From 1990 – 1995, ran a small collective of women photographers with Della Grace, Rosie Gunn and Robin Shaw, from Highgate, North London.
Introduced workshops for women photographers to explore issues around gender, sexuality and the nude in photography.
From 1995, ongoing
Using the genre of studio portrait photography, this work explores the fear and fascination that we feel about death. For the mass media, the iconography of death is almost exclusively represented in the context of violence and war, decease and decay. How can I avoid such clichés in my photography? The Victorians dressed their dead in beautiful garments to be portrayed as if alive, for sentimental memorabilia. My ‘death portraits’ are of living people, posing as though in death, dressed, and holding their favourite personal object.

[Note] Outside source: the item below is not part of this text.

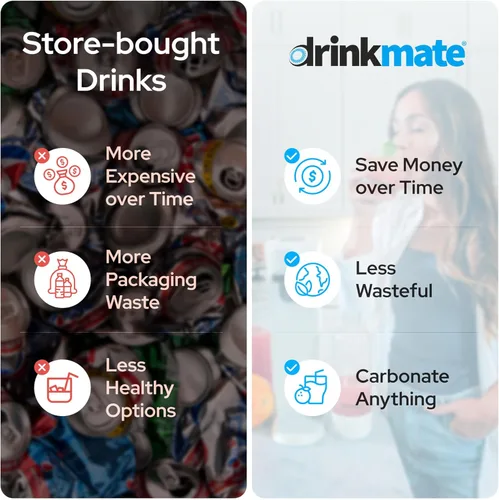 Vista 6 de DrinkMate Includes 1L Re-usable BPA-free Carbonating Bottle and Patented Fizz Infuser (Does Not Come with CO2 Cylinder)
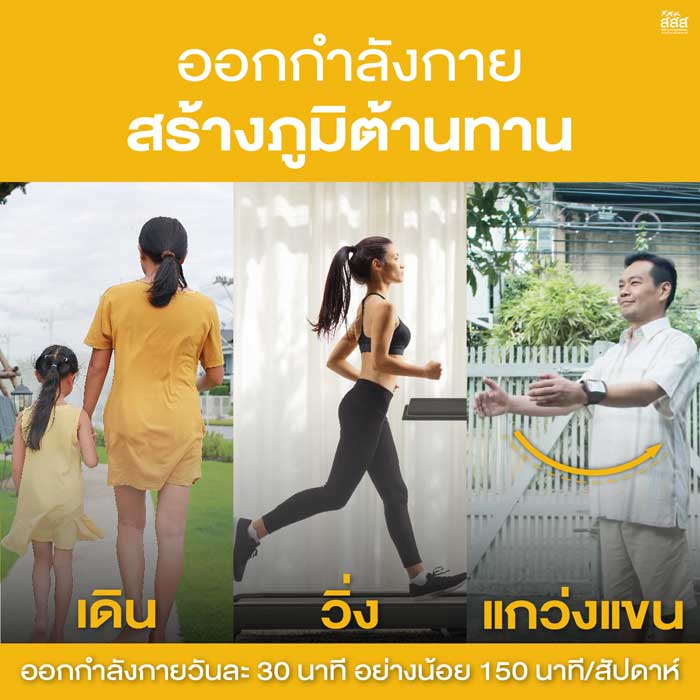 อยู่บ้านลดเสี่ยงโควิด อยู่บ้านลดเสี่ยงโควิด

My last project involved an embellished, constructed, highly exotic Oriental portrait studio in which I photographed the diverse “21st century types” of contemporary society. My new project is in sharp contrast and presents a “studio” of stark, pared down size and shape: a simple black wooden coffin in which to frame my portraits of death. This work is additionally a process of enquiry into the genre of portrait photography and how we, as artists/photographers, construct our own versions and interpretations of the subjects we portray. There is no such thing as literal representation, I believe, each and every portrait has embedded a layer of mirror which reflects our own selves and souls.
Grace Lau, 2011
From 2010-2015, Co-Chair and founder of PhotoHastings with Andrew Moran, organising annual photography festival in SE region, initially partnered with Bright Photo Fringe. Acquired Arts Council funding to expand PH activities, producing journal in 2014.